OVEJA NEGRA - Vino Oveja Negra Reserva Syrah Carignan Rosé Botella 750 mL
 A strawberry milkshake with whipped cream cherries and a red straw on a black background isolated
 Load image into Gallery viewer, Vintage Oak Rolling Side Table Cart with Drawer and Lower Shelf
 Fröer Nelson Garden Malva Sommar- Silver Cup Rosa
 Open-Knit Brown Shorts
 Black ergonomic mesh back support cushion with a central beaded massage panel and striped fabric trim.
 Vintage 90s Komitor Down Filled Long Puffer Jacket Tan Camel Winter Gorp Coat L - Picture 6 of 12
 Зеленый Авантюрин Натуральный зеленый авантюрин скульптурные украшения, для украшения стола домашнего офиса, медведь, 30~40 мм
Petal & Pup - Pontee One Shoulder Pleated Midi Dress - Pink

* Task details: All that the answer may hold is the lines from the one with "Open-Knit Brown Shorts" through the end of the data, set down exactly as they appear.

* Answer to this problem:
 Open-Knit Brown Shorts
 Black ergonomic mesh back support cushion with a central beaded massage panel and striped fabric trim.
 Vintage 90s Komitor Down Filled Long Puffer Jacket Tan Camel Winter Gorp Coat L - Picture 6 of 12
 Зеленый Авантюрин Натуральный зеленый авантюрин скульптурные украшения, для украшения стола домашнего офиса, медведь, 30~40 мм
Petal & Pup - Pontee One Shoulder Pleated Midi Dress - Pink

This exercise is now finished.